李在明(イ・ジェミョン)大統領はハンファオーシャンのカナダ潜水艦事業受注失敗と関連し、「挑戦には成功もあるが無念も伴うものだ。重要なのは立ち止まらず着実に前に進むこと」と話した。

李大統領はこの日フェイスブックへの投稿で、「今回のカナダ潜水艦事業では期待した結果を得られなかったが、韓国の底力を国際社会に改めて見せつけたと考える」と書いた。

続けて「韓国の潜水艦は世界的な潜水艦強国と堂々と競争し優秀な性能と技術力を立証してきた。今回の経験は韓国の技術をより高度化し競争力をさらに高める大切な礎になると確信する」と強調した。
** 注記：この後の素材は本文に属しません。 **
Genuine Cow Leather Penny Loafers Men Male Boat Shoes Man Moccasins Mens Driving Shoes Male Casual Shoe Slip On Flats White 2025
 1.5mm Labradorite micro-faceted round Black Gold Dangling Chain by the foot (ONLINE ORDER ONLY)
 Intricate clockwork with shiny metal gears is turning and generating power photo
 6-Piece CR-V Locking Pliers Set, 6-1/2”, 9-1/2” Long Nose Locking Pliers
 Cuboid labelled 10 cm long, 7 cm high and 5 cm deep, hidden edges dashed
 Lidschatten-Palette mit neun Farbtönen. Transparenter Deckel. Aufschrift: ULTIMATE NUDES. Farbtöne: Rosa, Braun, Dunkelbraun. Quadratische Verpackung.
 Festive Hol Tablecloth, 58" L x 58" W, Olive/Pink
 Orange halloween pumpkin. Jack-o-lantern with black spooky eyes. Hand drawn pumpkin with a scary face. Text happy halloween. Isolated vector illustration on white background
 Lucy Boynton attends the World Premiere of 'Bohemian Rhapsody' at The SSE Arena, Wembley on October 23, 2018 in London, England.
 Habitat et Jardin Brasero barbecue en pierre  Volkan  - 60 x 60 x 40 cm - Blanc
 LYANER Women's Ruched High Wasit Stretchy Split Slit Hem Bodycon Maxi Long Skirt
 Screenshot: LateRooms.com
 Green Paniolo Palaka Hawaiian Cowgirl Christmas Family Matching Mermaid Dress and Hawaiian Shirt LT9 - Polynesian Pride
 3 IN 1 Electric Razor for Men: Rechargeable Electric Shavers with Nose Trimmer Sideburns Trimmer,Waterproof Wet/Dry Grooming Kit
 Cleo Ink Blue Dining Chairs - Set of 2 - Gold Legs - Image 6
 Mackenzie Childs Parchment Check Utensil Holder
合わせて「韓国防衛産業は世界が注目する新しい成長動力であり国家競争力の核心産業に位置付けられている。このような成果は多くの研究者と技術者、企業家そして韓国の将兵がともに汗を流して積み重ねてきた努力の結実」と評価した。

李大統領は「韓国防衛産業の大胆な挑戦は続く。研究開発と輸出支援、国際協力強化まで、韓国の潜水艦が世界の海の平和と安全を守ることになるその日に向け政府ができるあらゆることを尽くすだろう」と約束した。